BRIEF:
The data below should be copied out exactly, with its pictures omitted.

DATA SHOWN:

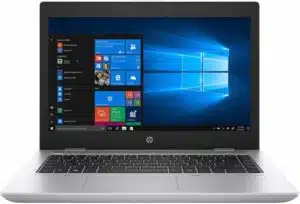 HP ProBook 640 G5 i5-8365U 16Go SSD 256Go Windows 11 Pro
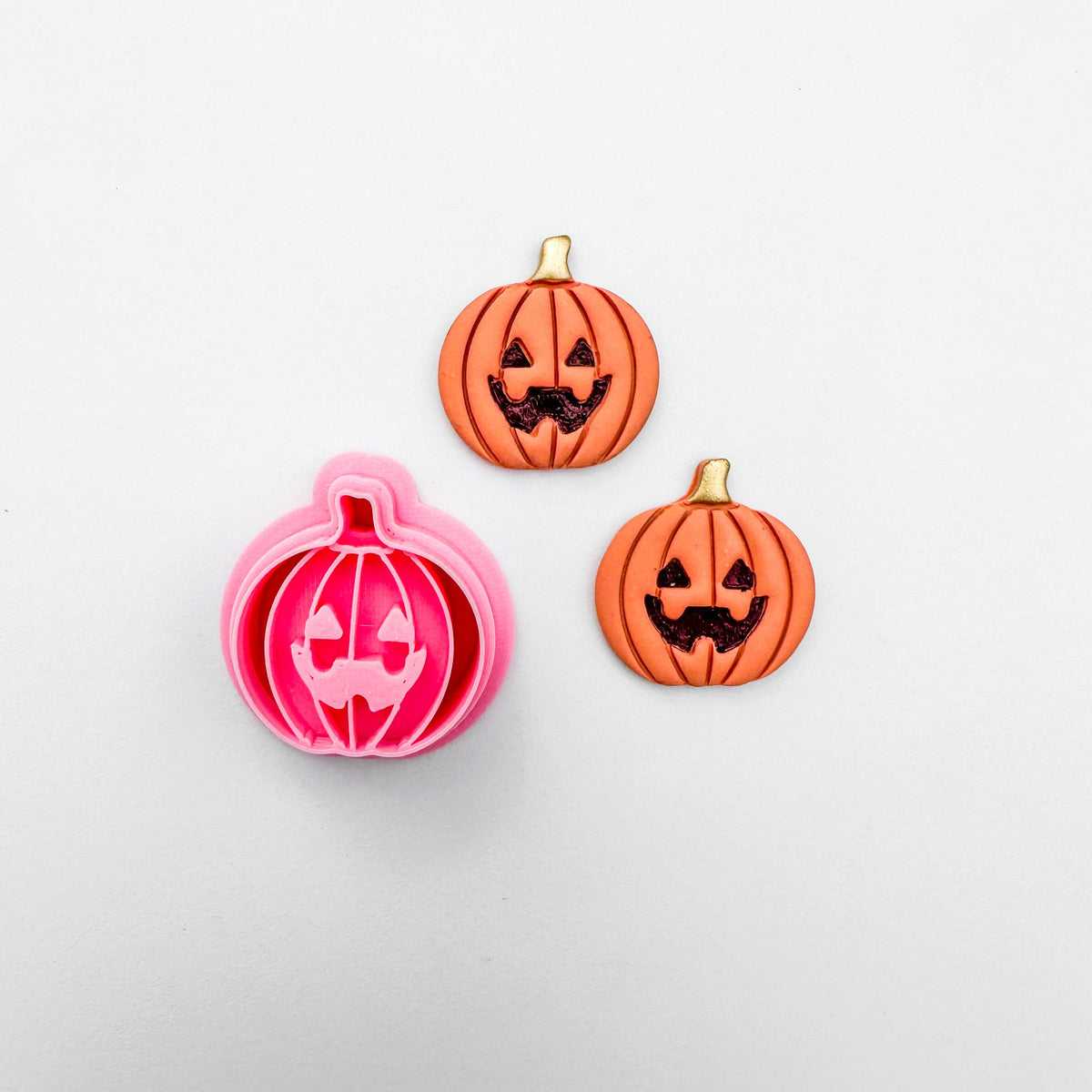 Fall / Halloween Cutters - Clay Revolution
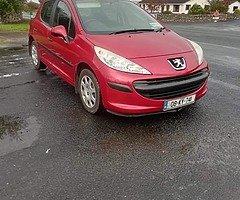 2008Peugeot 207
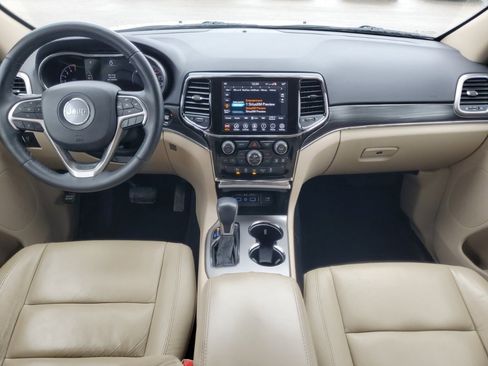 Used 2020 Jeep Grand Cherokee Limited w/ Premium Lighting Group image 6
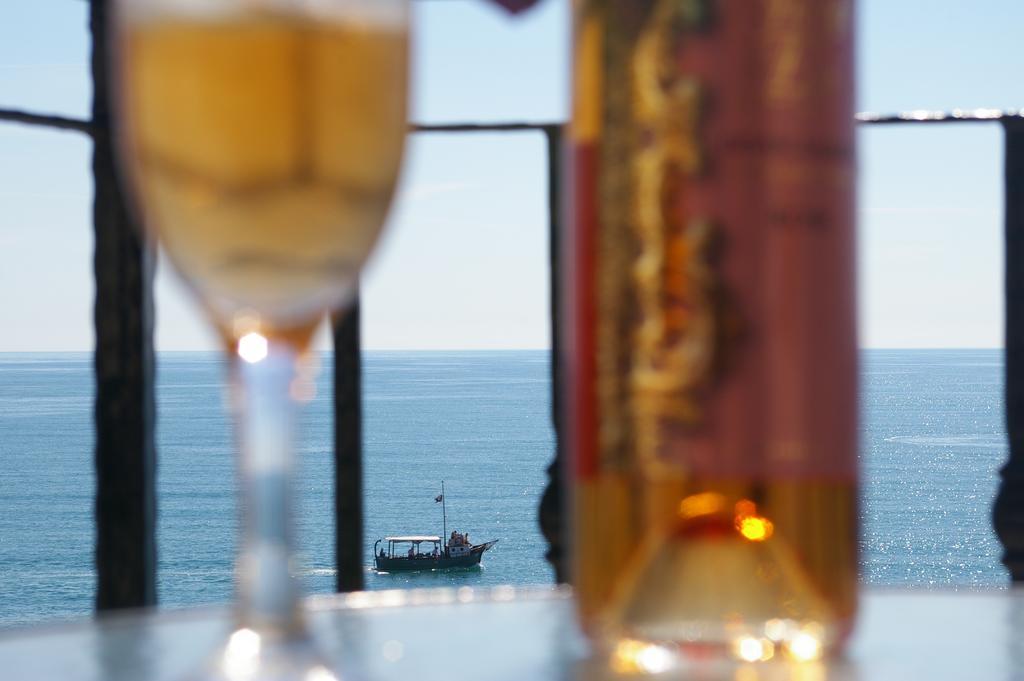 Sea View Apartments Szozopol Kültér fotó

WRITTEN SOLUTION:
 HP ProBook 640 G5 i5-8365U 16Go SSD 256Go Windows 11 Pro
 Fall / Halloween Cutters - Clay Revolution
 2008Peugeot 207
 Used 2020 Jeep Grand Cherokee Limited w/ Premium Lighting Group image 6
 Sea View Apartments Szozopol Kültér fotó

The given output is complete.